Using a global index
Implementing a global index can improve searching data performance in large partitioned environment, for example 100 partitions.
The feature also provides a way to find locations of indexed attributes and can improve agents or queries operations that are related to indexed attributes. Refer to the MapGlobalIndex API documentation for details of global index capabilities.
Improved performance
In a large partitioned environment, cached objects are spread across all partitions. Any search for data with indexes, queries, or agents, would need to run against all servers to be able to get a complete result. This type of search is slow because of the remote calls that are required to load and search each partition. Also, not all partitions have the data that matches the search criteria. The global index improves search performance because it only runs searches against those partitions that actually have matching data. The global index feature can track the location of indexed attributes and can determine applicable partitions for attributes from all partitions.

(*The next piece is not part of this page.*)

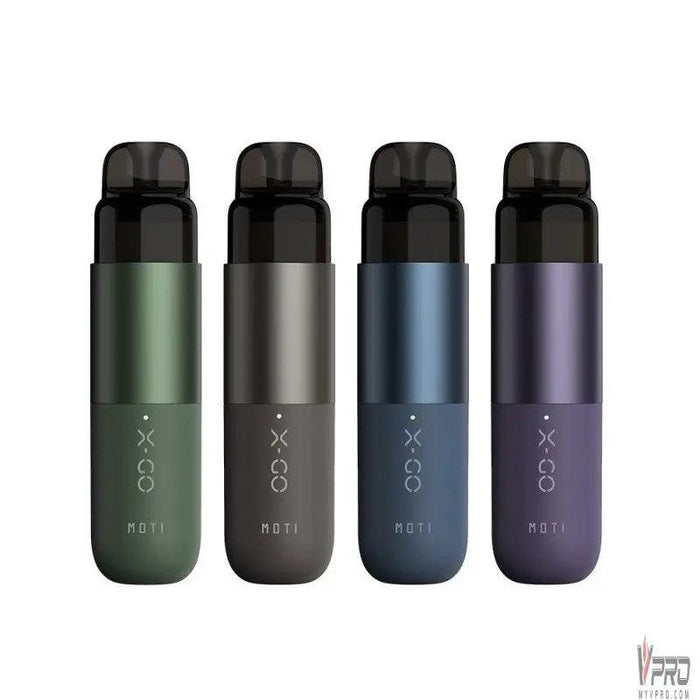 MOTI X GO 650mAh Pod System - MyVpro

Usually, applicable partitions are a subset of all partitions. Therefore, running indexes, queries, and agents on applicable partitions are much faster than running these items on all partitions, even when offset by global index.
- Searching data
Applications can search for data with keys. Applications can also search for data with indexes if the data has one or more attributes and indexes are defined for the attributes. Traditionally, applications can use a client index proxy to get entry keys from all partitions, or use an agent to do an index search on all partitions and return cache keys, values, or both. With the global index feature, applications can find entry keys, values, or both through the MapGlobalndex API in an efficient approach that runs operations on applicable partitions only.
- Agent operation
If an agent operation is related to indexed attributes, for example, by invalidating entries using indexed attributes, applications can use global index to find applicable partitions by attributes first. Then the application can send the agent to these applicable partitions. Use the MapGlobalndex.findPartitions() method to find applicable partitions using attributes.
- Client query operation
When you run client queries, you must set partitions. Usually, the application must run the same query on all partitions to get complete query results. With the global index feature, applications can use the MapGlobalndex.findPartitions() method to find applicable partitions using attributes that are in equality predicates of query. Then, you can run the query on these applicable partitions.
Enabling a global index
<bean id="MapIndexPlugin"
className="com.ibm.websphere.objectgrid.plugins.index.HashIndex">
<property name="Name" type="java.lang.String" value="CODE"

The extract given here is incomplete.